London Times ^ | 9-23-01 | Bryan Appleyard

Posted on 09/23/2001 10:59:41 PM PDT by gaelwolf

Why do they hate America?

We have seen Pakistanis waving pictures of Osama Bin Laden and wearing T-shirts celebrating the death of 6,000 Americans. We have seen Palestinians dancing in the streets and firing their Kalashnikovs in glee. We have heard Harold Pinter and friends pleading with the West to stop a war we didn't start. A few of us have read a New Statesman editorial coming perilously close to suggesting that bond dealers in the World Trade Center had it coming.

Or consider what Elisabetta Burba, an Italian journalist, reported for The Wall Street Journal from Beirut. She saw suited, coiffed professionals cheering in the streets. Then she went into a fashionable cafe. "The cafe's sophisticated clientele was celebrating, laughing, cheering and making jokes, as waiters served hamburgers and Diet Pepsi. Nobody looked shocked or moved. They were excited, very excited," she writes.

"Ninety per cent of the Arab world believes that America got what it deserved," she is told. "An exaggeration?" she comments. "Rather an understatement."

It is horrifying but not entirely surprising; we have seen it before. I, certainly, have always lived in a world suffused with savage anti-Americanism. In my childhood the grown-ups were all convinced that the apparently inevitable nuclear holocaust would be the fault of the Americans. In my student years I saw the Vietnam war used as an excuse for violence and intimidation that would have made Mao Tse-tung proud - indeed, my contemporaries were waving his Little Red Book, his guide to mass murder, as they attempted to storm the American embassy. I saw many of those who now weep like crocodiles burning the Stars and Stripes.

How strange, I thought, even then. They wore Levi jeans, drank Coke, watched American television and listened to American music. Something inside them loved America, even as something outside them hated her. They were like fish that hated the very sea in which they swam - the whisky, in Samuel Beckett's words, that bore a grudge against the decanter. Like the Beirut elite, they wanted to have their hamburgers and eat them, to bite the Yankee hand that fed them.

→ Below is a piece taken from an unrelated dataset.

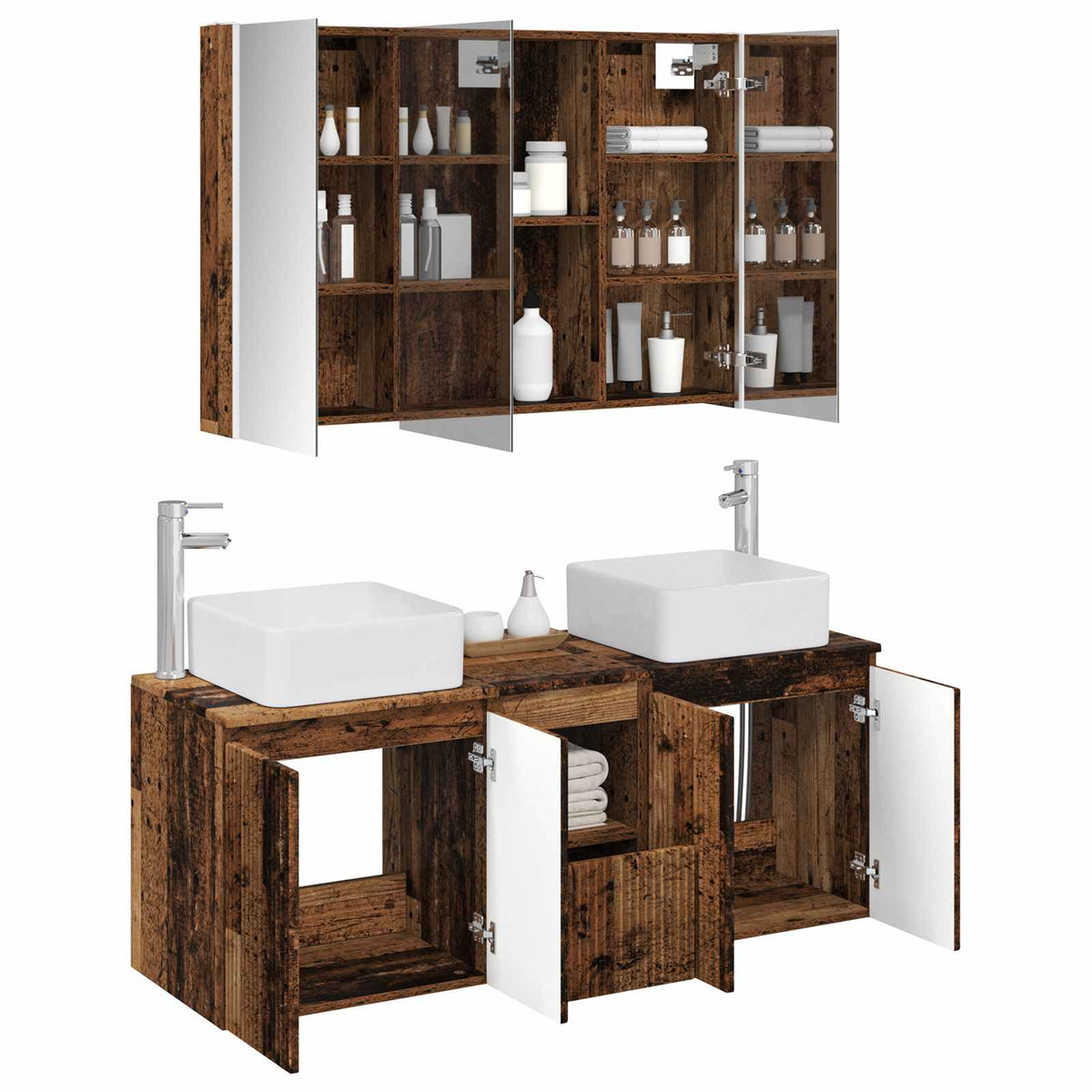 Set di Armadi da Bagno 4 pz Legno antico Legno ingegnerizzato | homemem39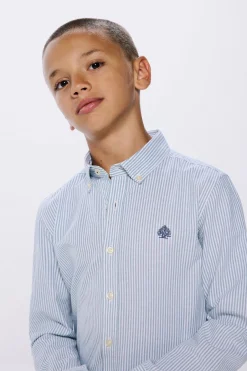 Springfield Kids Camisa pinpoint riscas menino azul Clearance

But there is something more terrible, more gravely unjust here than 1960s student stupidity, more even than the dancing of the Palestinians and the Lebanese.

Let us ponder exactly what the Americans did in that most awful of all centuries, the 20th. They saved Europe from barbarism in two world wars. After the second world war they rebuilt the continent from the ashes. They confronted and peacefully defeated Soviet communism, the most murderous system ever devised by man, and thereby enforced the slow dismantling - we hope - of Chinese communism, the second most murderous. America, primarily, ejected Iraq from Kuwait and helped us to eject Argentina from the Falklands. America stopped the slaughter in the Balkans while the Europeans dithered.

Now let us ponder exactly what the Americans are. America is free, very democratic and hugely successful. Americans speak our language and a dozen or so Americans write it much, much better than any of us. Americans make extremely good films and the cultivation and style of their best television programmes expose the vulgarity of the best of ours. Almost all the best universities in the world are American and, as a result, American intellectual life is the most vibrant and cultivated in the world.

"People should think," David Halberstam, the writer, says from the blasted city of New York, "what the world would be like without the backdrop of American leadership with all its flaws over the past 60 years." Probably, I think, a bit like hell.

There is a lot wrong with America and terrible things have been done in her name. But when the chips are down all the most important things are right. On September 11 the chips went down.

The Yankophobes were too villanously stupid to get the message. Barely 48 hours after thousands of Americans are murdered, we see the BBC's Question Time with its hand-picked morons in the audience telling Philip Lader, the former US ambassador, that "the world despises America". The studio seethes with ignorance and loathing. Lader looks broken.

Or we have the metropolitan elite on Newsnight Review sneering at Dubya Bush. "So out of touch," Rosie Boycott, the journalist, hisses, "there was no sense of his feeling for people." Alkarim Jivani, the writer, wades in by trashing Bush's response when asked how he was feeling: "Well, I'm a loving guy; also I've got a job to do." Jivani thinks this isn't good enough, no emotion.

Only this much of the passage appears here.